## Friday, August 13, 2010

### Orthogonality

Literally orthogonality means at right angles, hence independent or irrelevant to.

In programming languages, orthogonality means design so that changes in one thing don’t effect another. The example they give a user interface and database — you should be able to swap the database without changing the interface or make changes to the interface without affecting the database.

When this term is used in describing computer instruction sets, orgothogonal instruction set can use any register for any purpose while in non-orthogonal set (such as the Intel Pentium), each register has special properties, e. g. only CX can be used for counting string loops.

So non-orthogonality means exceptions to the general language rules, which make it harder to learn. It means that you cannot combine language features in all possible ways. Excessive orthogonality makes it possible to say silly things in the language that complicate the compilers.

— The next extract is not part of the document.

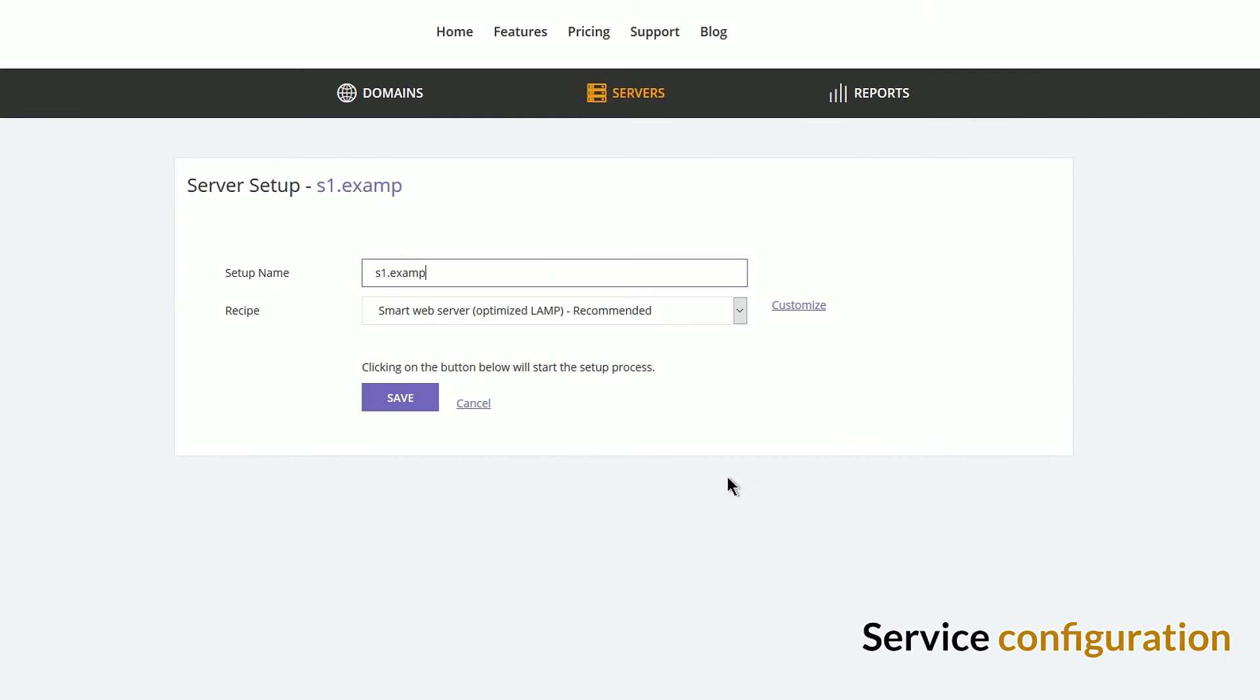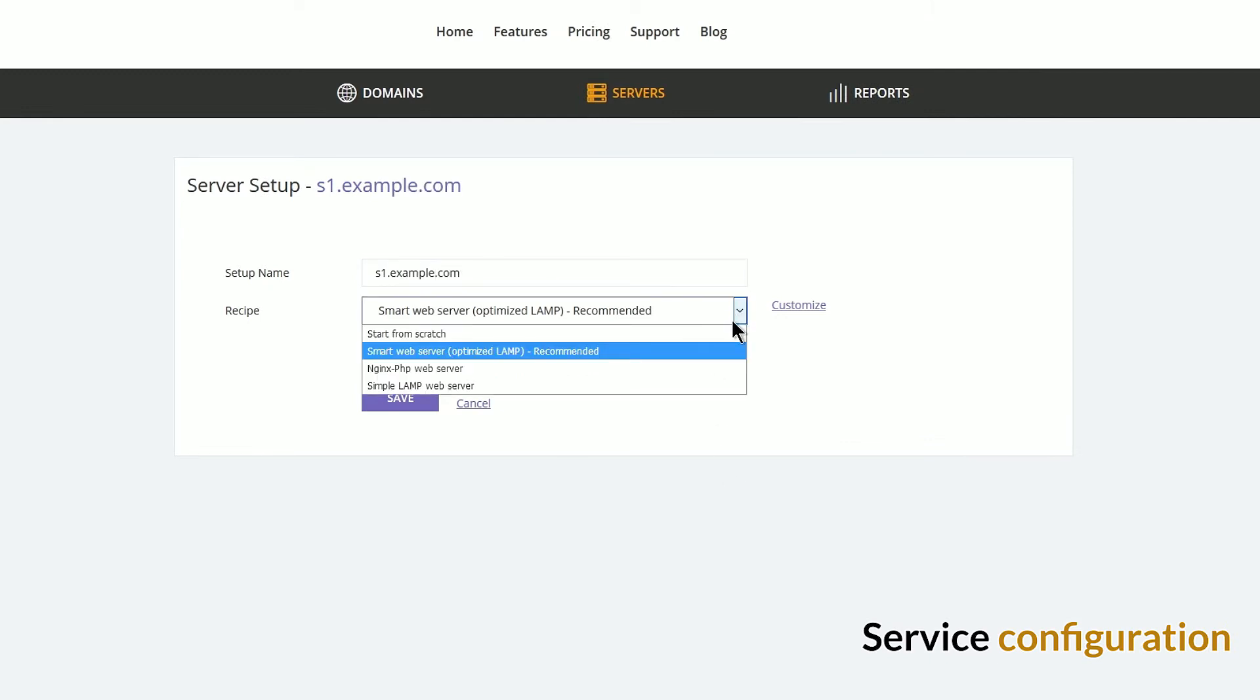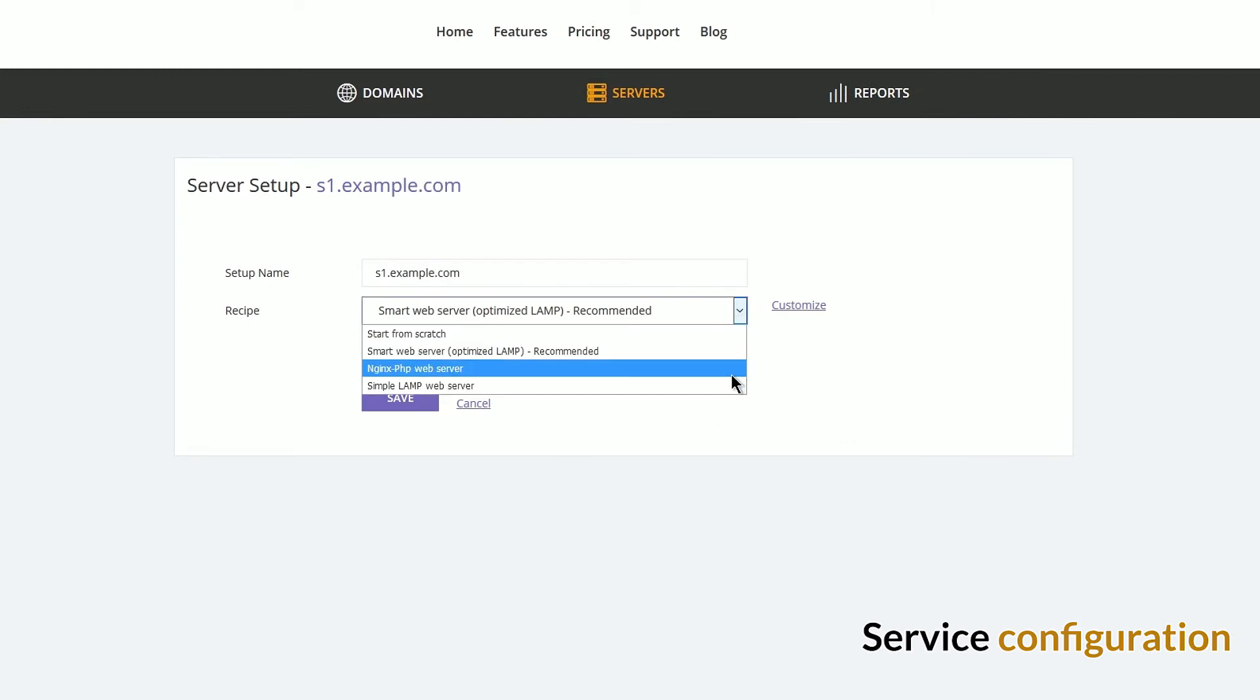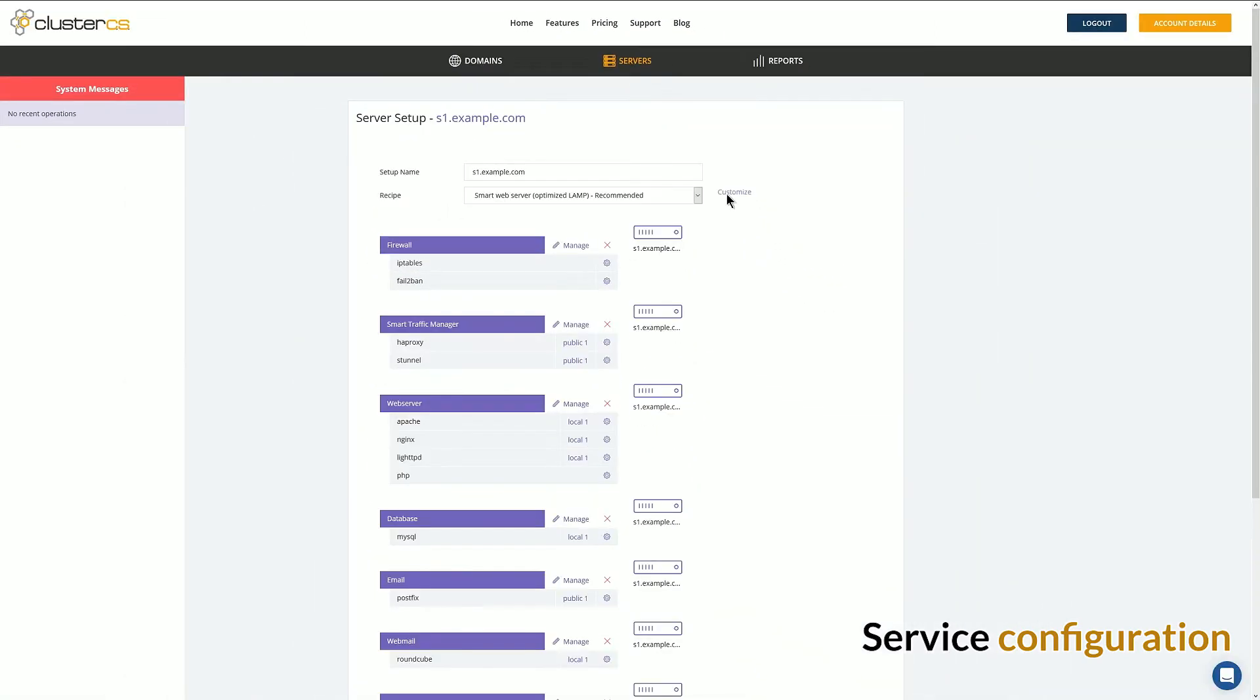Second step is service configuration, where you can use one of the recipes recommended by our experts or customize the service for your needs.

Here are some examples of non-orthogonality in C:

1. C has two kinds of built-in data structures, arrays and records (structs). Records can be returned from functions, but arrays cannot.
2. A member of a struct can have any type except void or a structure of the same type.
3. An array element can be any data type except void or a function.
4. Parameters are passed by value, unless they are arrays, in which case they are passed by reference.
5. a+b usually means that they are added, unless a is a pointer the value of b may be changed before the addition takes place.

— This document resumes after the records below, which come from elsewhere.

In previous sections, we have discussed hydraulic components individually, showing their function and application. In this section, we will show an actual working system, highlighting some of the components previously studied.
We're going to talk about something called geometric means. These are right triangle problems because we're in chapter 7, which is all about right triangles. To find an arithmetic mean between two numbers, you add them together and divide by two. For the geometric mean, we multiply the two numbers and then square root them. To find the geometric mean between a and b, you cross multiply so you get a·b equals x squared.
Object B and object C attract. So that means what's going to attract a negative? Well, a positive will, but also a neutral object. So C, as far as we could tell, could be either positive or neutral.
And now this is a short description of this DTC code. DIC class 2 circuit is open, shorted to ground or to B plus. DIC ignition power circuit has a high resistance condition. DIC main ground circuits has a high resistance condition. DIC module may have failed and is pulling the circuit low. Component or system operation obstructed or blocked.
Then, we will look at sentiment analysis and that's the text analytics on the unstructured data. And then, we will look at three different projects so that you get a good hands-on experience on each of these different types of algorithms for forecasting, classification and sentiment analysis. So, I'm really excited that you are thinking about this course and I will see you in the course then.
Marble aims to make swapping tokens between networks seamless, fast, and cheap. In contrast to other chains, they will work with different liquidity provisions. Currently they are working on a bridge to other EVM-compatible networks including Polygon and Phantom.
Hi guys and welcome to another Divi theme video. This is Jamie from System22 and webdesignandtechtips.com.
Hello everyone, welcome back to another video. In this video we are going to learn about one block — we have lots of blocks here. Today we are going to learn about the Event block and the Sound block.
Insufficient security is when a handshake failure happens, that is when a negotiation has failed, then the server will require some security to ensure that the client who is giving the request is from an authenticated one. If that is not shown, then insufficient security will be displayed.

Orthogonality is one of the most important properties that can help make even complex designs compact. In a purely orthogonal design, operations do not have side effects; each action (whether it's an API call, a macro invocation, or a language operation) changes just one thing without affecting others. There is one and only one way to change each property of whatever system you are controlling.

Eg. computer monitor has orthogonal controls. Its brightness can be changed independently of the contrast level, and (if the monitor has one) the color balance control will be independent of both. Otherwise it would have been difficult to adjust a monitor on which the brightness knob affected the color balance: you'd have to compensate by tweaking the color balance every time after you changed the brightness.

Orthogonality reduces test and development time, because it's easier to verify code that neither causes side effects nor depends on side effects from other code — there are fewer combinations to test. If it breaks, orthogonal code is more easily replaced without disturbance to the rest of the system. Finally, orthogonal code is easier to document and reuse.

The concept of refactoring, which first emerged as an explicit idea from the ‘Extreme Programming’ school, is closely related to orthogonality. To refactor code is to change its structure and organization without changing its observable behavior.

Java and orthogonality
Java is orthogonal in various cases where c or cpp fails. Here are some cases of Java as orthogonal language.
Egs.
1. C has two kinds of built-in data structures, arrays and records (structs and classes also in cpp). Records can be returned from functions, but arrays cannot. But in case arrays can also be returned.
2. We have to check whether a combination of keywords/constructs that could affect each other when used simultaneously on an identifier. For example when applying `public` and `static` to a method, they do not interfere with each other, so these two are orthogonal.

Unix and orthogonality
Unix is praised for its design being orthogonal.

Eg. File is opened for write access without exclusive-locking it for write, for example; This is not the case with every operating system. Old-style (System III) signals were non-orthogonal, because signal receipt had the side-effect of resetting the signal handler to the default die-on-receipt. There are large non-orthogonal patches like the BSD sockets API and very large ones like the X windowing system's drawing libraries.

But on the whole the Unix API is a good example: Otherwise it not only would not but could not be so widely imitated by C libraries on other operating systems. This is also a reason that the Unix API repays study even if you are not a Unix programmer; it has lessons about orthogonality to teach.